▶ _Problem_
All of the listing must be given again exactly, except that the images are dropped.

▶ _Input data_

Start of Block

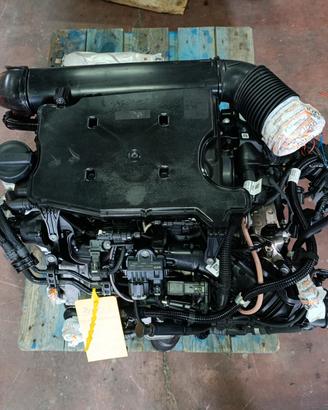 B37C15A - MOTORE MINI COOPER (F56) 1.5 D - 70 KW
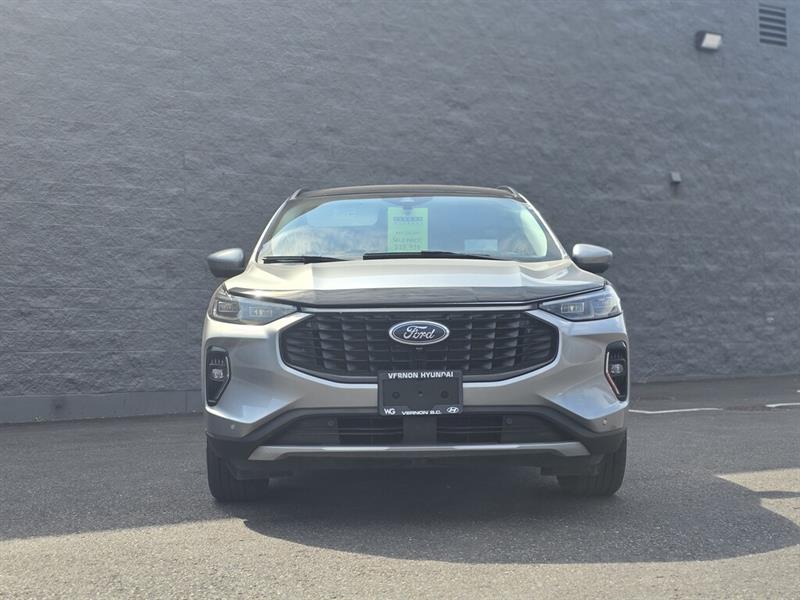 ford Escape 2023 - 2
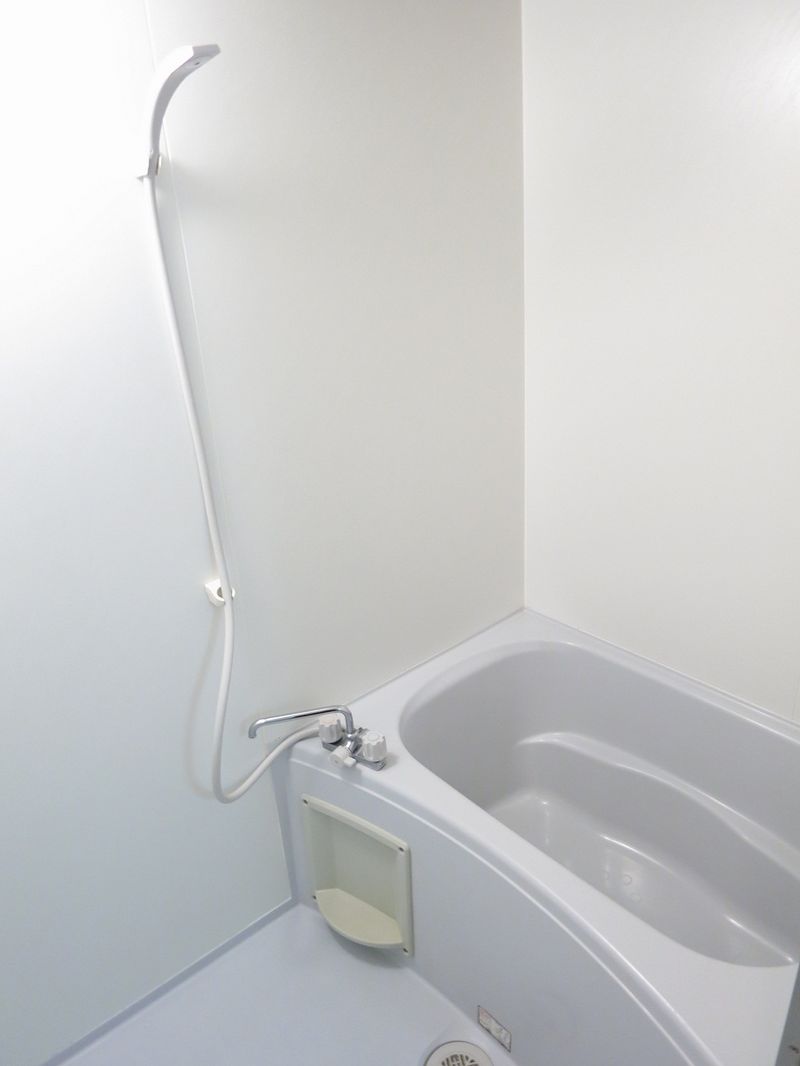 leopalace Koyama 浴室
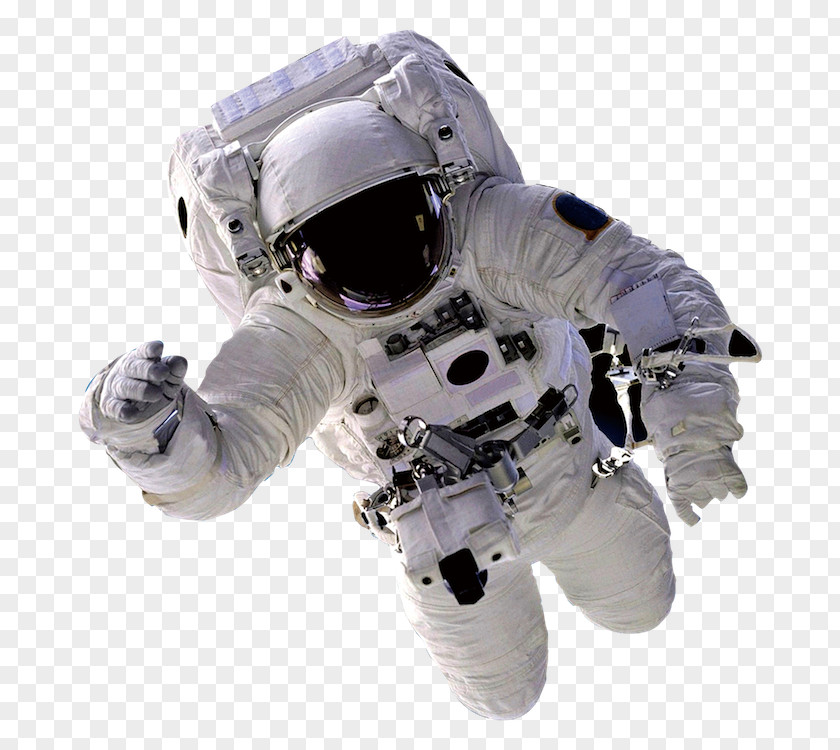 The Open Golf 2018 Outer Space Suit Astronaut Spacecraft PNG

End of Block

▶ _Answer for this exercise_
 B37C15A - MOTORE MINI COOPER (F56) 1.5 D - 70 KW
 ford Escape 2023 - 2
 leopalace Koyama 浴室
 The Open Golf 2018 Outer Space Suit Astronaut Spacecraft PNG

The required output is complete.